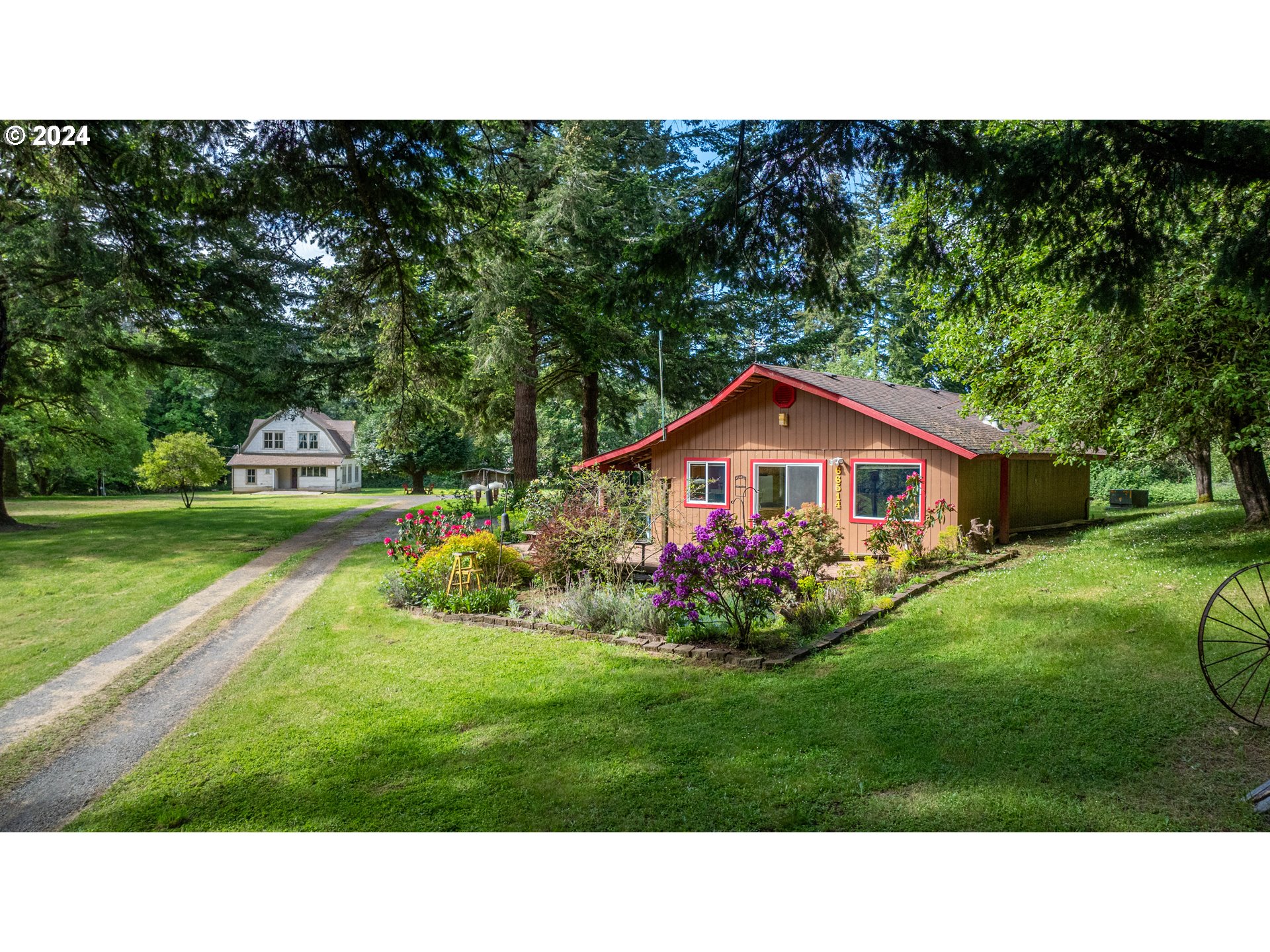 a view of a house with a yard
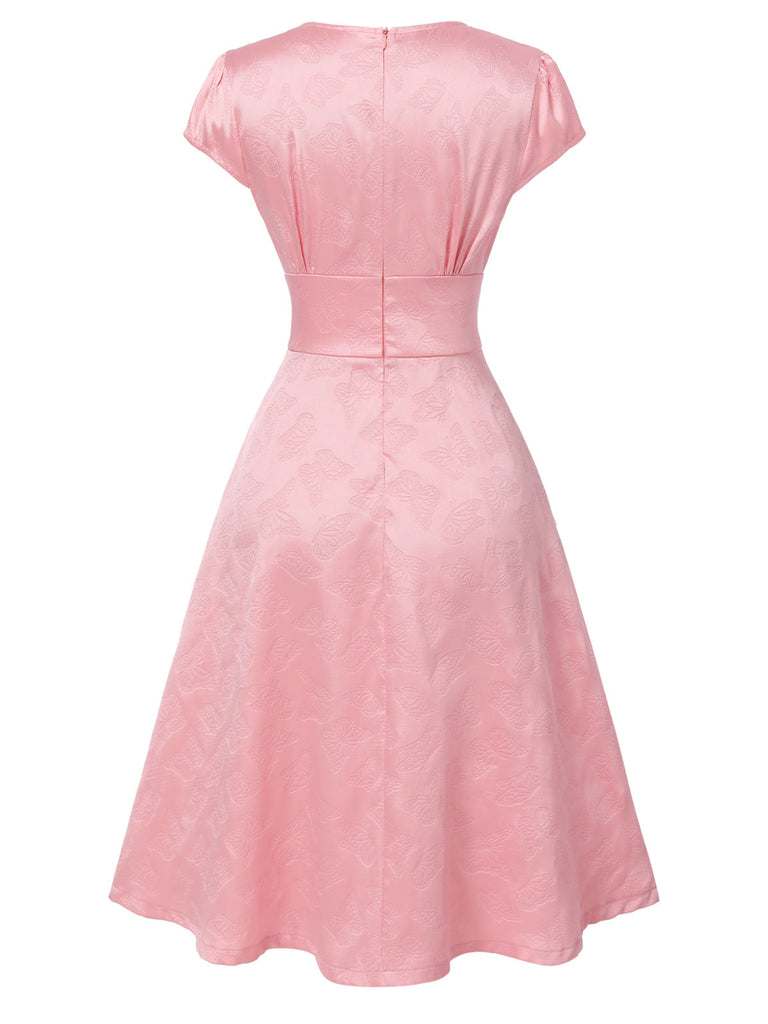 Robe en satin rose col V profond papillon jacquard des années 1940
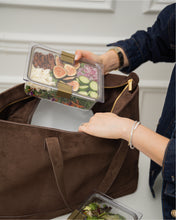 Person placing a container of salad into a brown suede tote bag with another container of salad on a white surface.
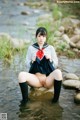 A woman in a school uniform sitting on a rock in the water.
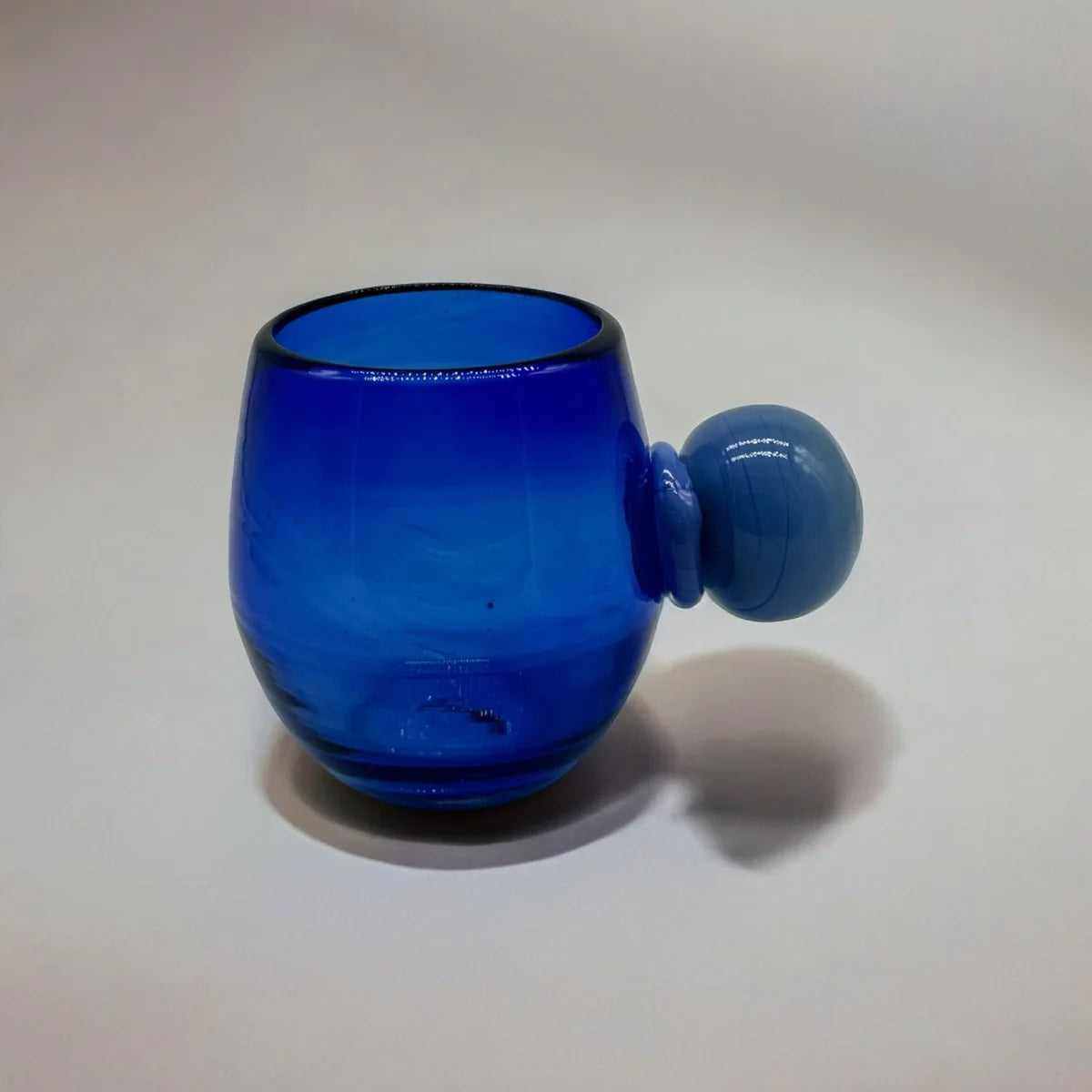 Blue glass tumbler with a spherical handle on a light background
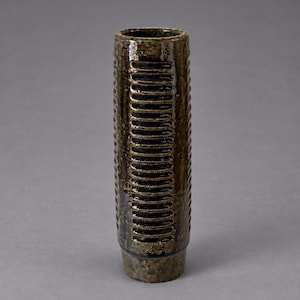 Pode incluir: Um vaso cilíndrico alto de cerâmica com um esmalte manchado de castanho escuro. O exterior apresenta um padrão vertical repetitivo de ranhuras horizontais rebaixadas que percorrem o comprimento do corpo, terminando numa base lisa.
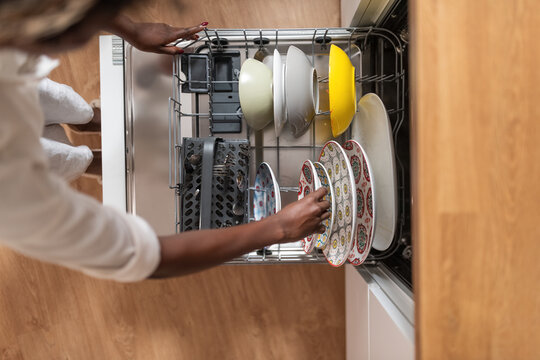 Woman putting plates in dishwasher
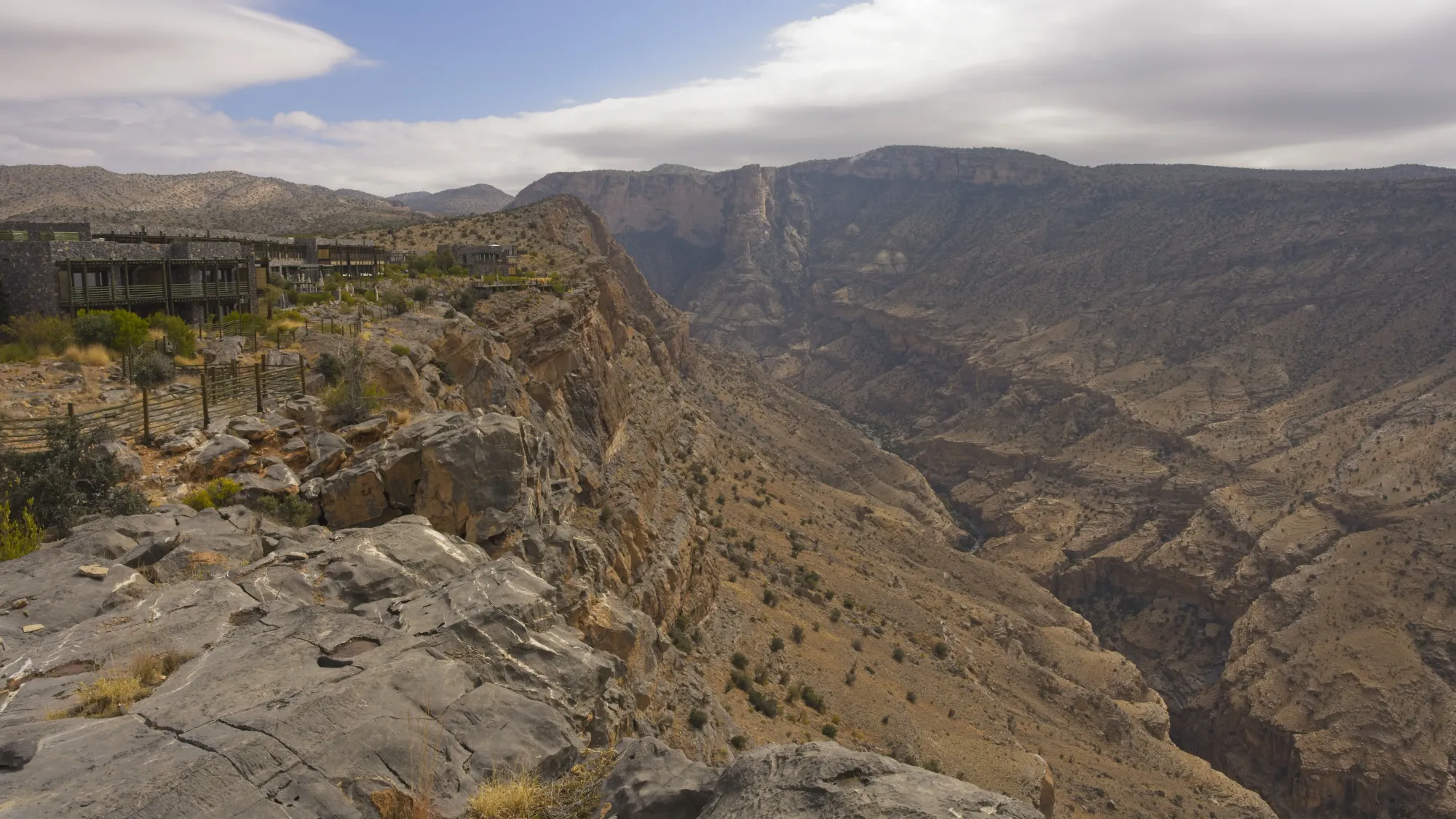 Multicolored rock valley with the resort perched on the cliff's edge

§ **Work to be completed**
From the line containing "Robe en satin" through the last line of the entries, copy each line exactly and only those, skipping all pictures.

§ **Your solution**
 Robe en satin rose col V profond papillon jacquard des années 1940
 Person placing a container of salad into a brown suede tote bag with another container of salad on a white surface.
 A woman in a school uniform sitting on a rock in the water.
 Blue glass tumbler with a spherical handle on a light background
 Pode incluir: Um vaso cilíndrico alto de cerâmica com um esmalte manchado de castanho escuro. O exterior apresenta um padrão vertical repetitivo de ranhuras horizontais rebaixadas que percorrem o comprimento do corpo, terminando numa base lisa.
 Woman putting plates in dishwasher
 Multicolored rock valley with the resort perched on the cliff's edge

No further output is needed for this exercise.